Studio album by Carach Angren
- Released: 18 April 2008
- Recorded: 2007–2008
- Genre: Symphonic black metal
- Length: 41:26
- Label: Maddening Media
- Producer: Carach Angren

Carach Angren chronology
| Ethereal Veiled Existence (2005) | Lammendam (2008) | Death Came Through a Phantom Ship (2010) |

= Lammendam =

Lammendam is the debut studio album by Dutch symphonic black metal band Carach Angren. Released in 2008, it is a concept album about Lammendam, the remains of a castle that are haunted by a "ghost lady in a white dress". Dennis "Seregor" Droomers claims that he was inspired to write the album by a local legend that he has been familiar with since childhood. The legend centers around series of events that supposedly occurred in Schinveldse Bossen, a forest area northeast of the Dutch region of South Limburg and of the town of Schinveld, near the German border.
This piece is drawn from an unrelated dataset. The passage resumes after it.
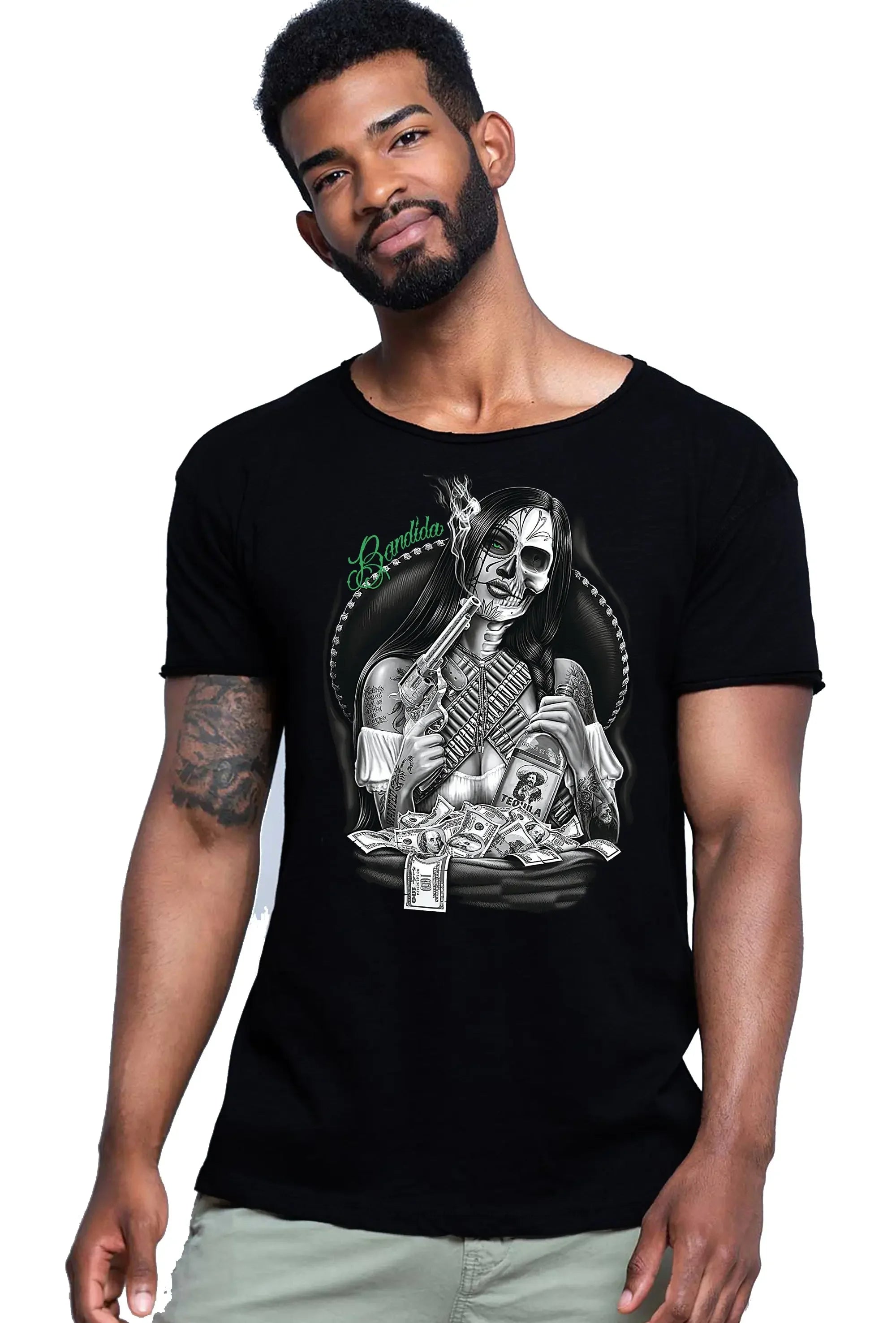 T-shirt uomo tattoo skull Bandida Gonzales con grafica audace e design elegante in cotone.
In several interviews, Seregor has described the legend as being about a young woman who lived in the castle in the 17th century. This woman was involved in a love triangle between two men; when both of the men found out about each other, several fights broke out. One night, under mysterious circumstances, her castle was burned, leading to the young woman's death, and her ghost remains on the land. Shortly after her death, her two lovers soon also died. According to the legend, her ghost appears in the forest on nights of the full moon wearing a long white dress.
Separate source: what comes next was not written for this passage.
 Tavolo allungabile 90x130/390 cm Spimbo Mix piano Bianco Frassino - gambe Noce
The name Lammendam is a Dutch adaptation of the French term "La Dame Blanche", which translates to "The White Lady." This name was given to the ghost that appeared in Schinveldse Bossen by French farmers who had evacuated to the Netherlands during the French revolution.

==Style==
The album features symphonic black metal with progressive song structures. The style has been compared to Anorexia Nervosa and Dimmu Borgir. A reviewer of Sputnikmusic observed that singer Seregor's vocals were unique since they are "relatively easy to understand and decipher upon first listen" when compared to other bands in the genre. The lyrics however are not written in the traditional verse-chorus-verse structure of the genre.

==Critical reception==

Lammendam received positive reviews that nonetheless marked that the band was still at the beginning of their career. Metal Hammer Germany wrote that an own identity of the band was still needed. The Sonic Seducer magazine praised the technical skills of the band and the diversity of emotion portrayed by the album. Also Sputnikmusic was favorable of the band's instrumental skills.

Professional ratings
Review scores
| Source | Rating |
| Metal Hammer (Germany) | 4/7 |
| Sonic Seducer | favourable |
| Sputnikmusic | 3.5/5 |

==Track listing==
- All music by Carach Angren
- Main compositions and arrangements by Ardek
- Lyrics written by Seregor

| No. | Title | Length |
|---|---|---|
| 1. | "Het spook van de Leiffartshof (The Ghost of the Leiffartshof)" (Instrumental) | 1:28 |
| 2. | "A Strange Presence Near the Woods" | 4:13 |
| 3. | "Haunting Echoes from the Seventeenth Century" | 5:05 |
| 4. | "Phobic Shadows and Moonlit Meadows" | 6:54 |
| 5. | "Hexed Melting Flesh" | 2:06 |
| 6. | "The Carriage Wheel Murder" | 3:40 |
| 7. | "Corpse in a Nebulous Creek" | 5:24 |
| 8. | "Invisible Physic Entity" (Instrumental) | 1:21 |
| 9. | "Heretic Poltergeist Phenomena" | 4:08 |
| 10. | "La malédiction de la Dame Blanche (The Curse of the White Lady)" | 7:07 |

2013 re-release bonus tracks
| No. | Title | Length |
|---|---|---|
| 11. | "There Was No Light" (Ethereal Veiled Existence EP song) | 1:22 |
| 12. | "After Death Premises" (Ethereal Veiled Existence EP song) | 4:15 |
| 13. | "Yonder Realm Photography" (Ethereal Veiled Existence EP song) | 5:50 |

==Personnel==
Credits adapted from the album's liner notes.

- Carach Angren
- Dennis "Seregor" Droomers - guitars and vocals
- Clemens "Ardek" Wijers - orchestration, keyboards
- Ivo "Namtar" Wijers - drums and percussion

- Additional musicians
- Patrick Damiani (Le Grand Guignol) - bass guitar and additional rhythm guitars
- Nikos Mavridis - violins on "A Strange Presence Near the Woods" and "Invisible Physic Entity"
- Yves Blaschette (Le Grand Guignol) - cello on "Invisible Physic Entity"
- Hye-Jung - female vocals on "Hexed Melting Flesh"
- Philip Breuer (Le Grand Guignol) - guest vocals on "La malédiction de la Dame Blanche"

- Team
- Patrick Damiani - recording, mixing, mastering
- Erik "Negakinu" Wijnands - photography and design

== See also ==
- White Lady (ghost)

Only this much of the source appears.